Documents you'll need
- A letter from your school or insurer showing your SHIP coverage end date (this is your proof of qualifying event)
- Your Social Security number
- An estimate of your 2026 annual income
- Your ZIP code (plans and prices vary by location)
- If joining a parent's plan: the parent's policy information and their employer's HR contact
Common mistakes
Assuming SHIP continues after graduation. It doesn't. Some students don't realize their coverage ended until they try to use it and get a bill. Find out your end date before you graduate.

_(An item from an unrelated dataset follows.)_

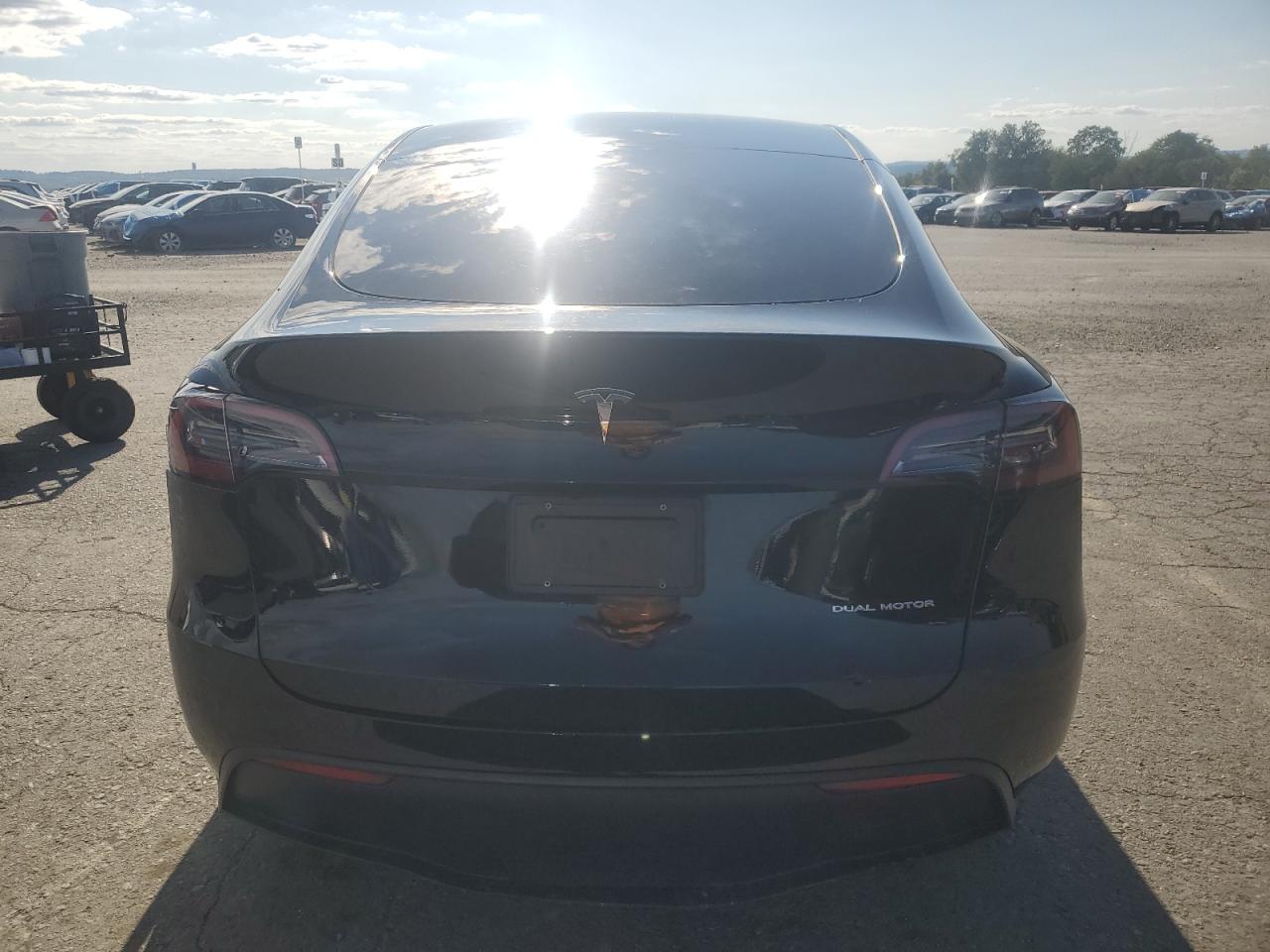 2023 Tesla Model Y VIN: 7SAYGAEE2PF929372 Lot: 72063805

Not knowing SHIP loss qualifies for a SEP. Many recent grads think they have to wait until Open Enrollment in November. You don't. Losing SHIP is a qualifying event that lets you enroll immediately.
Overestimating income for subsidy purposes. If you graduated in May and your new job starts in September at $50,000/year, your 2026 income is not $50,000. It's the actual amount you'll earn from all sources between January 1 and December 31. Overestimating means you claim a smaller subsidy than you deserve.
Going uninsured to save money. It feels tempting when you're 22 and healthy. But a single ER visit can cost $3,000-$10,000 without insurance. With subsidies, a marketplace plan might cost you $0-$50/month. The math doesn't support going bare.
Missing the 60-day window. Between moving, starting a job, and everything else that happens after graduation, it's easy to let this slip. Set a reminder. If you miss the window, you'll have to wait until Open Enrollment in November, and coverage won't start until January.
Step-by-step action plan
- Before graduation: Contact your student health center and get your exact SHIP coverage end date in writing.
- Evaluate your options: Are you under 26 with a parent willing to add you? Do you have a job with benefits starting soon? If neither, the marketplace is your path.
- Estimate your 2026 income: Add up what you'll actually earn this calendar year from all sources. Be realistic, not aspirational.
- Apply 1-2 weeks before SHIP ends: Use Nora to find and compare plans, or go directly to HealthCare.gov (or your state's exchange). Select "loss of other coverage" as your qualifying event.
- Compare plans: If your income qualifies you for cost-sharing reductions, Silver plans will give you the best value. If you're healthy and want the lowest premium, look at Bronze.
- Pay your first premium: Coverage doesn't start until you pay. Do this immediately after enrolling.
- Update if your income changes: When you start a new job or your income goes up, log back into your marketplace account and report the change. Your subsidy will adjust accordingly.